Here is a great way to make a beetroot salad with beans and prunes. I want to say right away that the dish, of course, is not for everyone. If you are a fan of all of the ingredients listed, then go ahead! In this case, the beans are boiled, but they can be replaced with canned beans to save time. When baking beets, you can add your favorite aromatic spices and herbs as desired.
Purpose: For lunch / For dinner / Inexpensive
Main Ingredient: Vegetables / Legumes / Beans / Beets / Fruit / Dried Fruit / Prunes
- Beets - 1-2 Pieces
- Beans - 100 Grams
- Prunes - 100 Grams
- Garlic - 2-4 Cloves
- Salt, pepper, olive oil - To taste
- Sesame seeds - 1/2 Teaspoon (for serving)
How to cook "Beetroot salad with beans and prunes"
1. Soak the beans overnight in cold water, and then boil until tender. Dry and place in a salad bowl.
2. Peel the beets, cut into cubes and place in an ovenproof dish on foil.

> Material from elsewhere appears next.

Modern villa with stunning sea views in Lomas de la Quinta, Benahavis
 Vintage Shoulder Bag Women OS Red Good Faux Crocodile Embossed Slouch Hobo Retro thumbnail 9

3. Add a little salt to taste, pour with olive oil and send to the preheated oven. Bake at 190-200 degrees until soft (30-50 minutes).
4. Cool the finished beets and place with the beans.
5. Rinse the prunes, pour boiling water for a couple of minutes, dry and cut. Add to the salad bowl along with the garlic passed through the press.
6. It remains only to salt and pepper the salad to taste and pour over with olive oil. Stir gently, sprinkle with sesame seeds and serve.